Gesù rimprovera i due per non aver saputo leggere le Scritture. Anche questo elemento riflette un dato del tempo, in quanto l'attesa di un Messia sofferente, identificato con il Servo di Jahvè di Isaia o con la figura del Giusto sofferente, non era affatto evidente nell'Antico Testamento e nel giudaismo del I° secolo.

Il v.27 riveste una grande importanza; anzitutto ci rivela che è stato il Signore resuscitato il primo "maestro" che ha insegnato a scrutare le Scritture in relazione agli avvenimenti della sua vita. E' da notare che solo Luca nei racconti delle apparizioni pasquali narra che il Risorto aprì la mente degli apostoli all'intelligenza delle Scritture, qui e anche nel v.45 dello stesso capitolo 24.

D'altronde sul piano storico la vicenda del Nazareno rimane uno scandalo, un vissuto senza senso, prima dell'incontro con il Vivente. Le stesse Scritture, peraltro ben note ai due discepoli giudei, sensibili alle speranze messianiche, rimangono sigillate. Questo perché la chiave di interpretazione della storia di Gesù, come delle Scritture, è il Signore risorto! Solo Colui che ora è "il Vivente" può dare un senso allo scandalo della sofferenza e della morte sullo sfondo delle Scritture stesse.

Viene spontaneo chiedersi quali siano nella fattispecie i testi dell'Antico Testamento citati dal Maestro. Ma molto probabilmente l'evangelista ha in mente non alcuni brani particolari, bensì la Bibbia nel suo insieme.

E notiamo anche che, se Gesù risorto avesse fatto l'analisi dettagliata di tutti i testi veterotestamentari che parlano del Messia in generale e del Messia sofferente in particolare, non sarebbe certo bastata la durata di un viaggio verso Emmaus! Dunque l'affermazione del v.27 supera la situazione concreta del racconto.

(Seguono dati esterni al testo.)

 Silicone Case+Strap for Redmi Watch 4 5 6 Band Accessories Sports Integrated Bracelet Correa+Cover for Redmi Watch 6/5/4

Luca generalizza e pensa a una situazione ideale in cui Cristo risorto agisce come fonte e modello di ciò che diverrà l'uso cristiano della Scrittura.

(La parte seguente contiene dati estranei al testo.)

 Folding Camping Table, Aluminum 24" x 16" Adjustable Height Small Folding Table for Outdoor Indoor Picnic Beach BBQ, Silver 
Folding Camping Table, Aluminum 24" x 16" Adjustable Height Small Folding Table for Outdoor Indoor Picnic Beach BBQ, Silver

Fortunatamente, abbiamo comunque modo di accedere a quello che sarà stato il discorso di Gesù ai due discepoli, utilizzando i "testimonia", cioè quelle raccolte o "collane" (in ebraico "haritz") di citazioni del Primo Testamento che gli apostoli e i predicatori utilizzarono nel loro ministero di annunciatori. Li ritroviamo ad esempio in Atti 2,25-36; 3,22-26; 4,24-26; etc.

Quello che soprattutto importa al Signore è far capire ai due qual è il vero aspetto del suo messianismo: non quello politico e nazionalistico, che essi pensavano ("noi speravamo che egli avrebbe liberato Israele..." v.21), ma un messianismo fatto di sofferenza, umiliazione e sconfitta. La sua passione era predetta nelle Scritture (soprattutto nel Servo sofferente di Isaia 52-53), rientrava nel disegno di Dio ed era la via alla gloria.

Così, grazie alle riflessioni del misterioso compagno di viaggio, l'animo dei due discepoli comincia a rasserenarsi, il cuore comincia ad "ardere" (cfr. v.32), ma non è ancora la fede.

Al termine del cammino verso Emmaus, Gesù fa come se dovesse andare oltre; il gesto non cela certamente alcun inganno, manifesta piuttosto lo stile dell'agire del Rabbi verso di noi, che provoca la nostra libertà e si lascia incontrare solo se noi siamo disposti ad accoglierlo.

Così i tre si fermano nella casa di uno dei due discepoli e cenano insieme. "Gesù prese il pane, recitò la benedizione, lo spezzò e lo diede loro. Allora si aprirono loro gli occhi e lo riconobbero." (vv.30-31)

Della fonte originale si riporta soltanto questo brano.